__Exercise__: An exact copy of the data is required. No picture may appear in it.

__Collected material__:
-------------------------

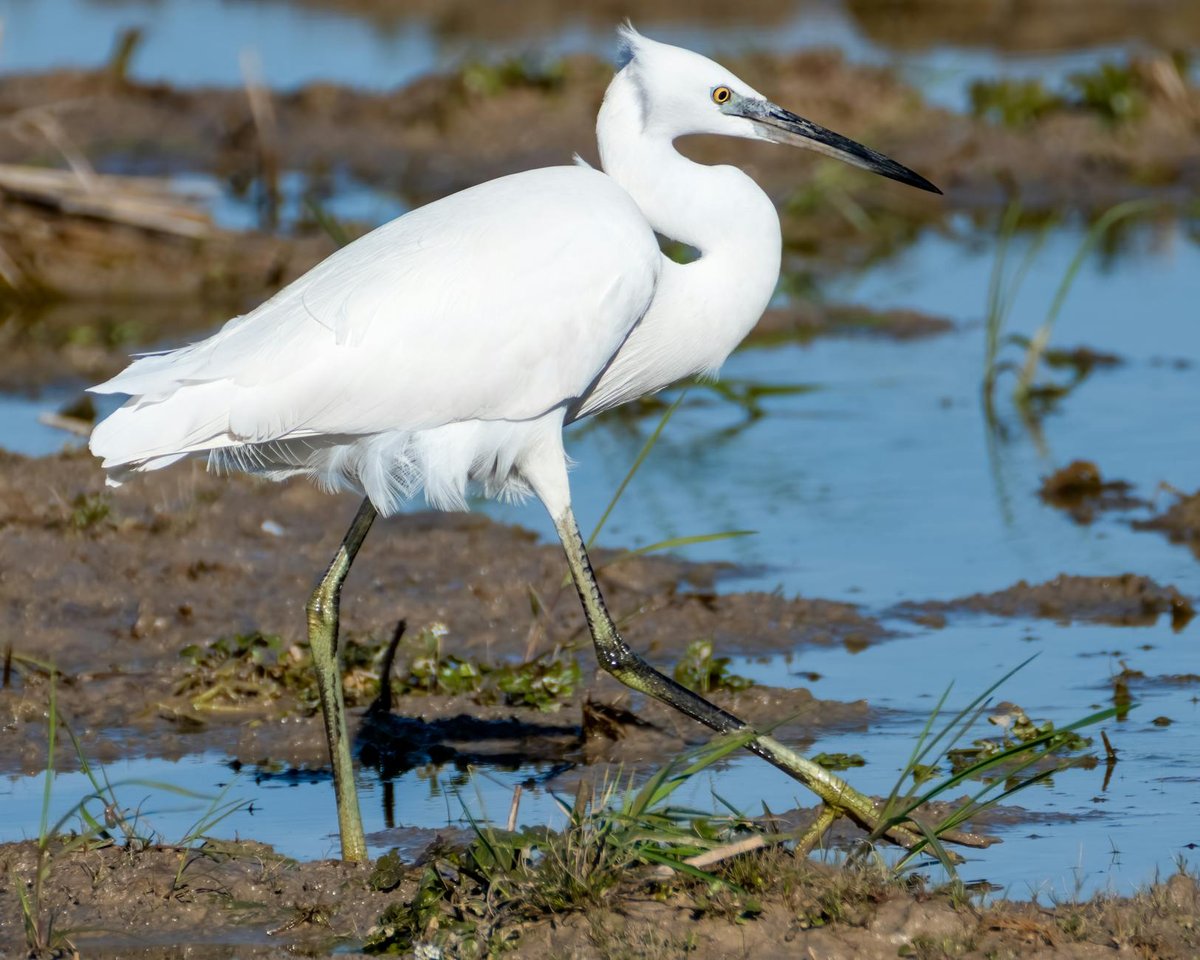 El Palmar National Park
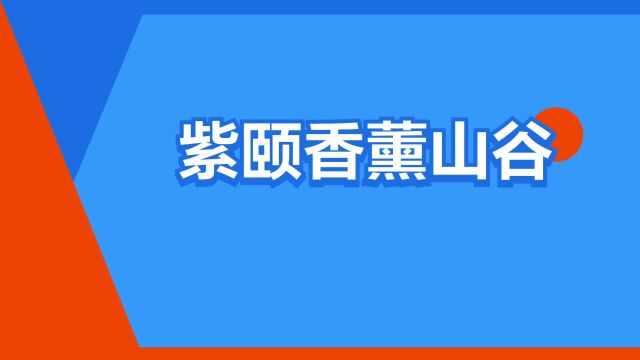 “紫颐香薰山谷”是什么意思?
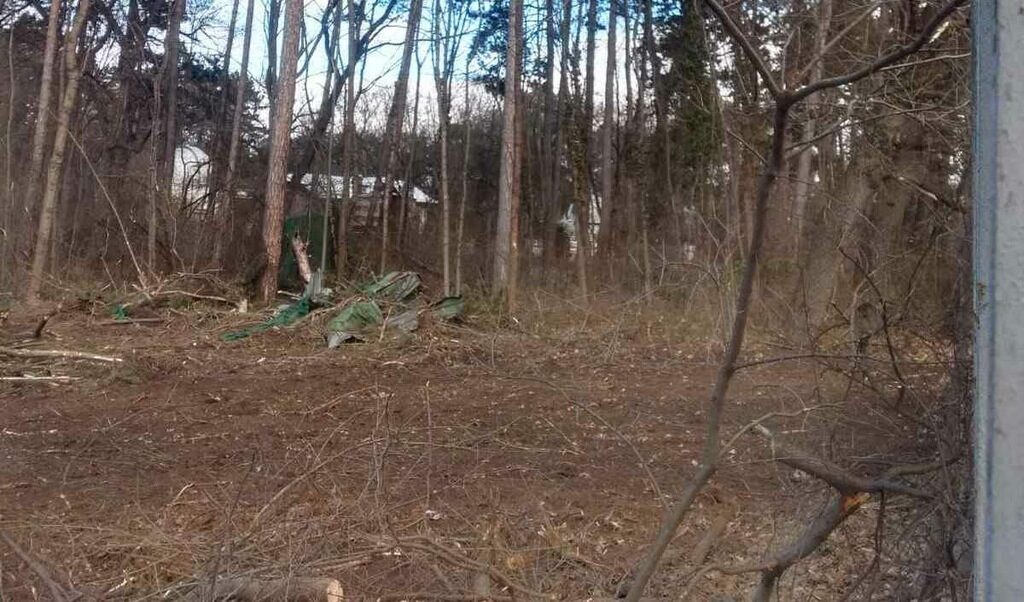 Сечта в къпалнята "Мария Луиза" продължила и след забраната на Фандъкова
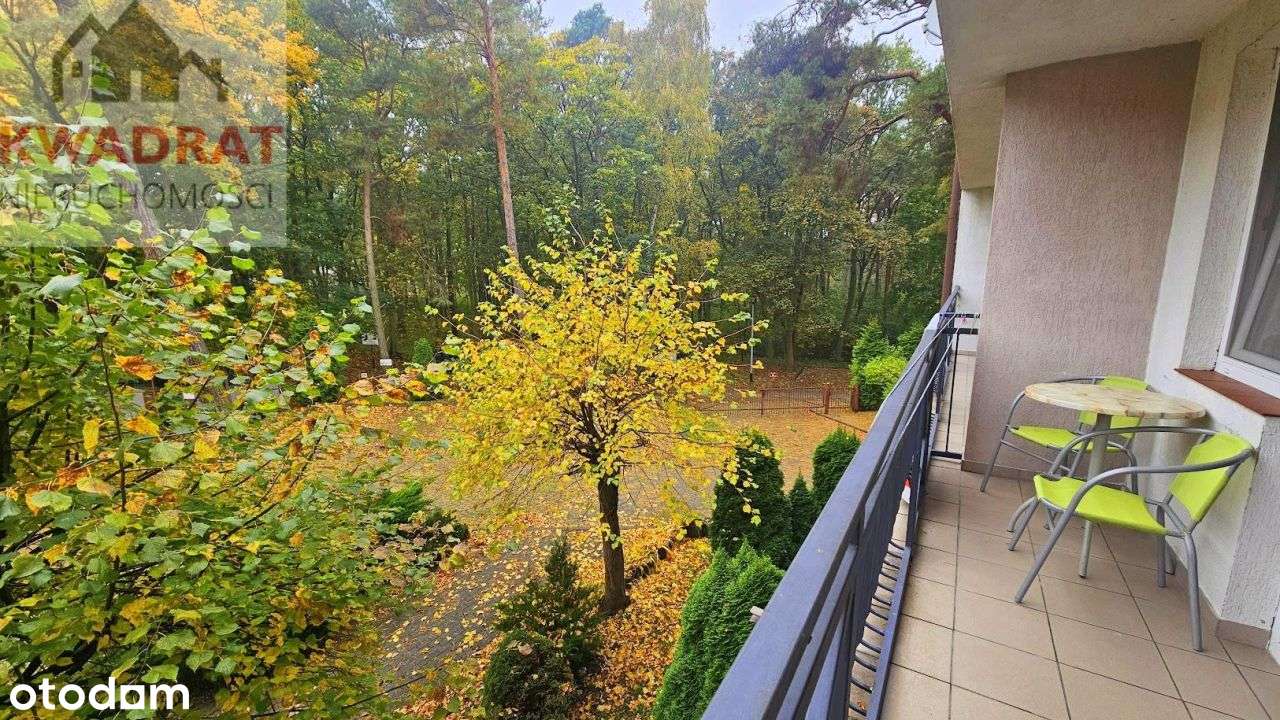 2 pokojowy apartament w Krynicy Morskiej blisko pl-12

-------------------------

__Written response__:
 El Palmar National Park
 “紫颐香薰山谷”是什么意思?
 Сечта в къпалнята "Мария Луиза" продължила и след забраната на Фандъкова
 2 pokojowy apartament w Krynicy Morskiej blisko pl-12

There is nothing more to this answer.